El tío Jorge, en los cuentos de la familia, había pasado todos los sábados de su juventud dedicado a amanecer bailando en el Hospedaje.

El Hospedaje era el Mercado Público. Situado a la orilla de una de las muchas curvas del rio Yaque cuando pasa por Santiago. Sus calles eran de un lodo verde, mezcla de aguas de distinto origen, hojas de yuca, cáscaras de plátanos, tallos y hojas de batatas y de lechugas y repollos.
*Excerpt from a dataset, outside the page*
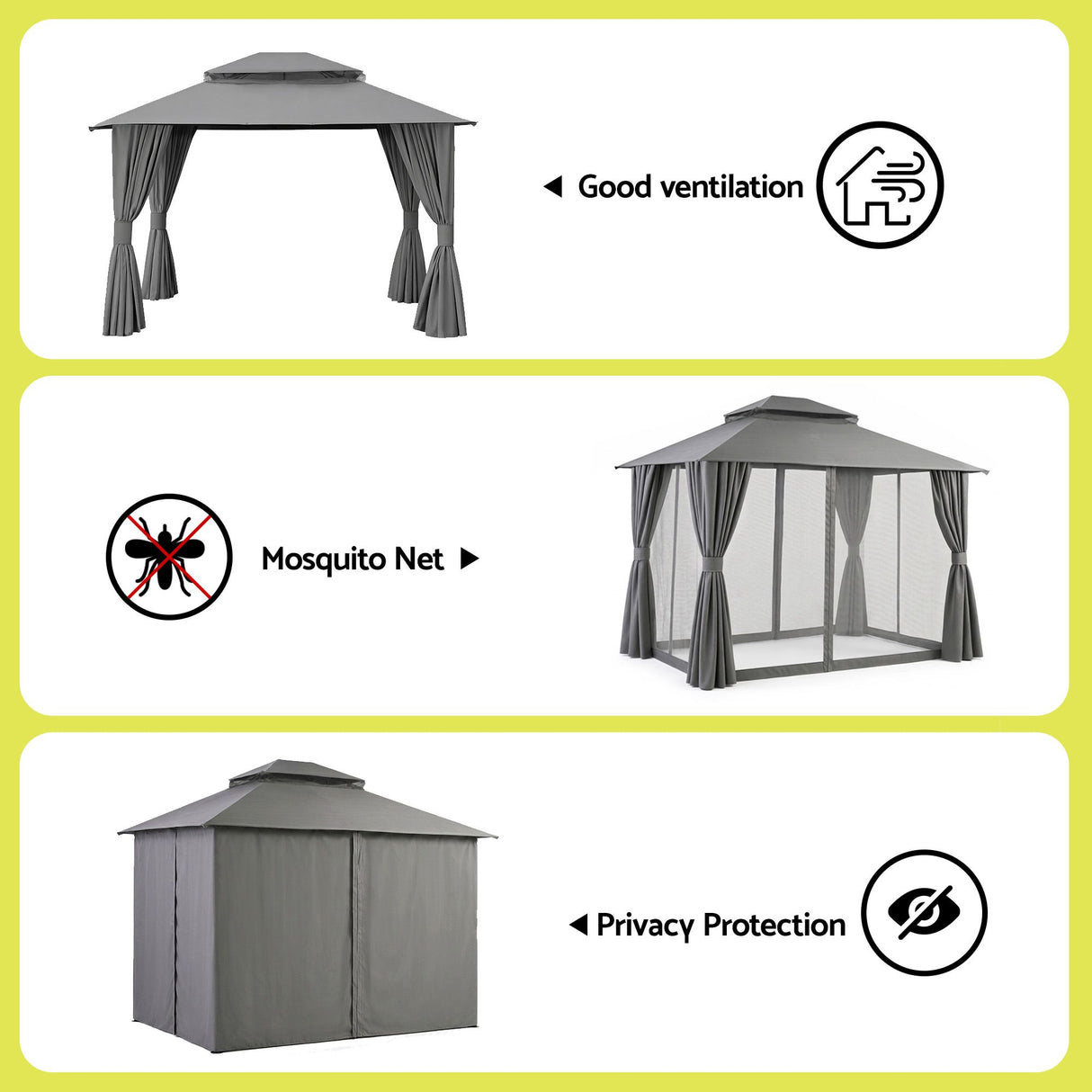 Outdoor dining setting sheltered under the grey 3 x 3 m gazebo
Todo mezclado y apisonado por zapatos, botas, pies descalzos, guaymamas, y pezuñas de burros y mulos. El tumulto humano de los días pasaba a ser lúgubre y silencioso por las noches, pero con un poco de atención llegaban las brisas del rio acompañadas de merengues típicos y canciones de guardias y campunos.
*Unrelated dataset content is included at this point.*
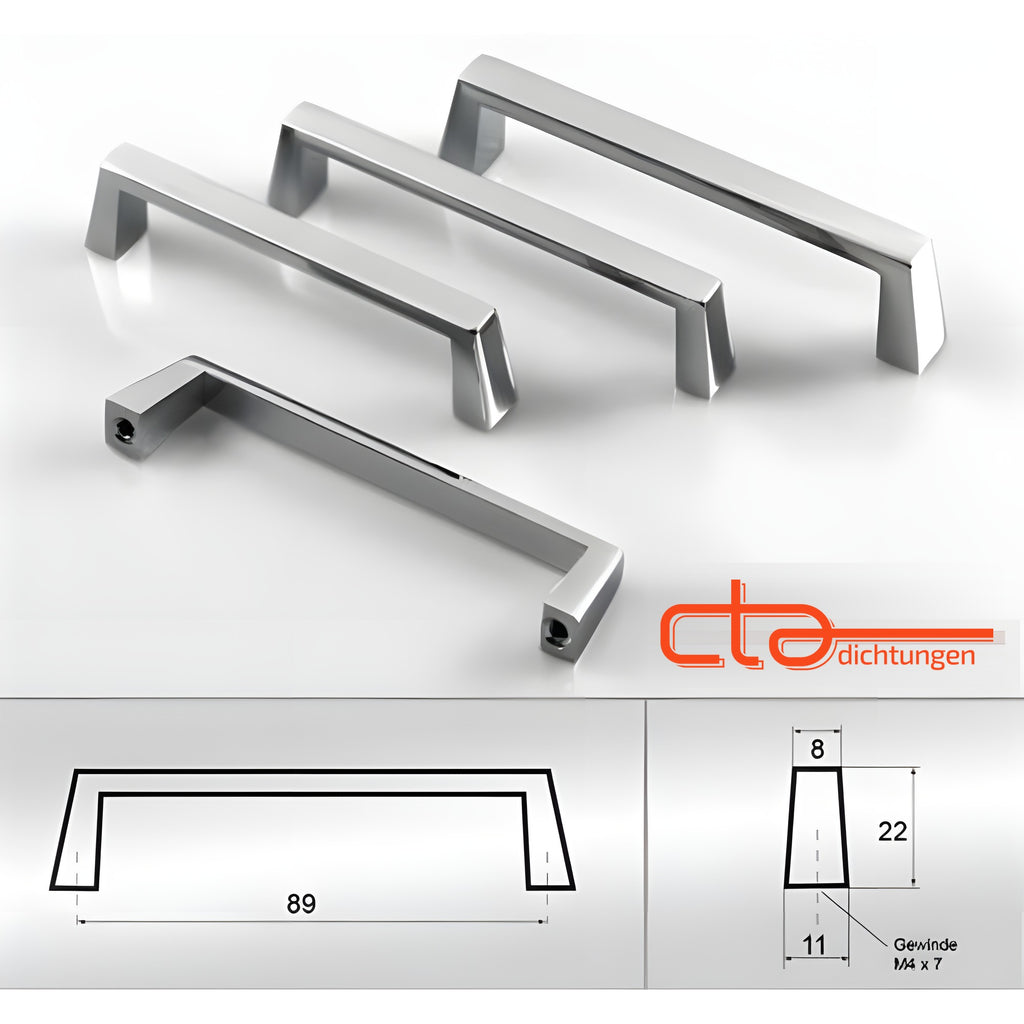 Pull handle, hole spacing 89 mm, M4 thread, die-cast zinc chrome-plated (1C45-02) – view 4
Llegaba la música, que en las calles casi ni se escuchaba, de unas seis casas de citas donde mujeres de mucha hambre y poco que ofrecer casi dormían en sus salas en sendas mecedoras a la espera de un cliente que las llevara a una mesa del patio, donde una vellonera colocaba los discos con las canciones de gusto del caballero que pagaba.

El tío Jorge cambió de lugar, pero no de hábito, por el club nocturno Palmeras, luego de más años y de mejor situación económica. Casi a sus cincuenta años, cambió radicalmente de vida.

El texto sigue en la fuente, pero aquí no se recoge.